Ahora bien, cuando hablamos de las tasas de crecimiento del país, de la extraordinaria performance de los commodities y del nivel de ingresos del Tesoro Nacional nos preguntamos qué ha hecho el kirchnerismo con sus -al menos siete- años de vacas gordas y notamos con desagrado que la pobreza no ha retrocedido y la distribución del ingreso sigue siendo retórica ideológica y nada más. Pero acaso no cabe también reflexionar qué hizo la Ciudad con los ingresos que los porteños conferimos para su buena administración.

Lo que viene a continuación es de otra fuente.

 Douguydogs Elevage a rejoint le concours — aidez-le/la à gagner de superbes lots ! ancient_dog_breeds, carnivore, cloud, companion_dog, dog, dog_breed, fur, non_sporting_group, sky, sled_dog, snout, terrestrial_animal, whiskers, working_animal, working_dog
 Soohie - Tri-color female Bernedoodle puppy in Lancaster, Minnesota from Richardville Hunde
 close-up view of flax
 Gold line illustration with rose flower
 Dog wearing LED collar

La Ciudad gasta casi la mitad de su ingreso en remuneraciones del sector público y esto es entendible, dada la amplia red de salud y educación que debe sostener. Tiene una gran multiplicidad de áreas que atender, que componen su gestión. Sin embargo, millones entre miles de millones del presupuesto a veces, lisa y llanamente, se pierden o no se gastan con criterio acertado. No hemos visto realizarse en las últimas décadas obras de infraestructura de importancia que acompañen el crecimiento de la ciudad; las villas no se han urbanizado dándoles categoría de barrio digno; la falta de vivienda y facilidades para acceder al crédito público son insuficientes; el plan hidráulico puesto en marcha está muy lejos de alcanzar las metas propuestas. De estas ausencias y déficits son responsables tanto el Gobierno de la Ciudad, como también los legisladores, organismos de control y todos aquellos que debemos participar del diseño, control y ejecución de las políticas de Estado, lo cual incluye a los ciudadanos con capacidad para observar aquello que la política a veces descuida por intereses y comodidades manifiestas.

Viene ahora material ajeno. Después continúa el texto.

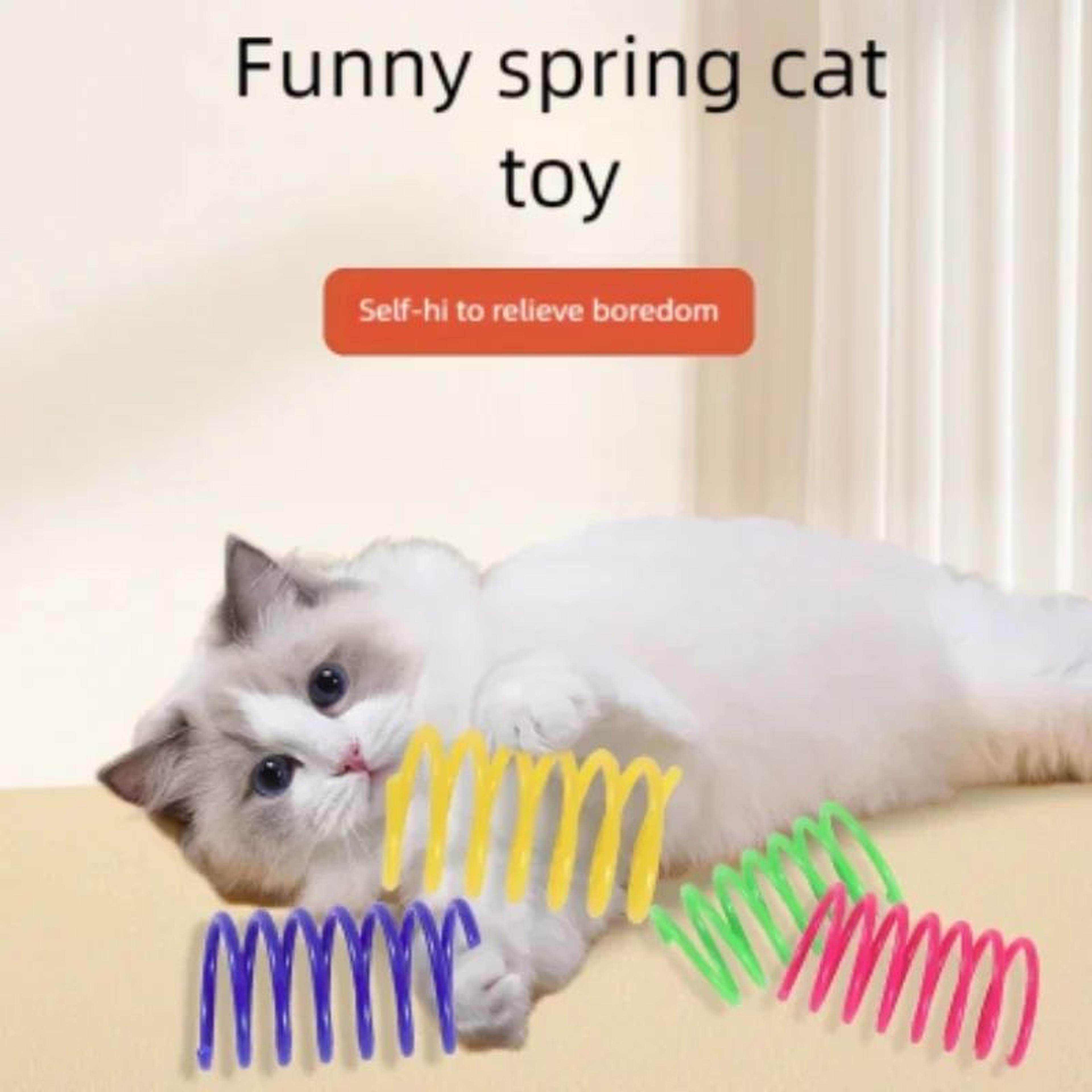 Bouncy Plastic Spring Cat Toy For Indoor Cats 0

Es indignante saber que anualmente se pierden millones por subejecución presupuestaria. Es decir, que hay dinero que no se usa para llevar a cabo los planes de política pública frustrando así la mejora y el accionar cotidiano en áreas tan vitales y sensibles como la educación, la salud, el espacio público y las muchas obras pendientes que necesitamos los porteños.
La Dirección de Estadísticas de la Ciudad al momento de presentar el presupuesto para este año estimó una inflación anual del 24%. Si a todos los mortales no se nos escapa que dicho pronóstico ya era insuficiente a juzgar por la crisis económica e inflacionaria del último trimestre del año 2013, y que termina, como ya sabemos, en la ampliación presupuestaria que se aprobó el día jueves, ¿por qué se deprime y subestima el presupuesto a la luz de una inflación que sabemos es superior a la tenida en cuenta? ¿Por qué incluso desacelera los pronósticos del ritmo de su actividad económica que a veces no se condicen con los de otros distritos? La respuesta es una: poder disponer de manera arbitraria de los remanentes presupuestarios para uso discrecional. Tan discrecional y ofensivo como lo es el abultado gasto de publicidad de gobierno; las transferencias de partidas internas entre las distintas áreas de gobierno; o como la estipulación prevista al momento de presentar su presupuesto para el Programa de prioridad para el Peatón con 182 millones contra los magros 270 millones de obras de mantenimiento de la red pluvial. Este último es sólo un ejemplo de cómo los presupuestos a veces se divorcian de la realidad.
Hace algunos años con el albor de la autonomía porteña todos comenzamos a ver y a pregonar por la descentralización porteña en comunas y el tan añorado Presupuesto Participativo. Hoy debemos reconocer que pese a algunos avances y experiencias, las 15 comunas de la Ciudad no cuentan con presupuesto suficiente para llevar a cabo sus competencias de gobierno local. Terminó siendo una mera desconcentración de servicios ineficiente, cuya descentralización política y presupuestaria es prácticamente nula.
Por eso se hace imprescindible hacer algo para cambiar este destino. El presupuesto de las comunas es desnutrido y no vinculante. Una prioridad debería ser jerarquizarlo y exigir su implementación a través de las normas ya existentes, u otras sobre las que se puede legislar para hacer de la participación ciudadana del presupuesto un método y herramienta institucional que haga más genuino y popular el uso de los ingresos públicos.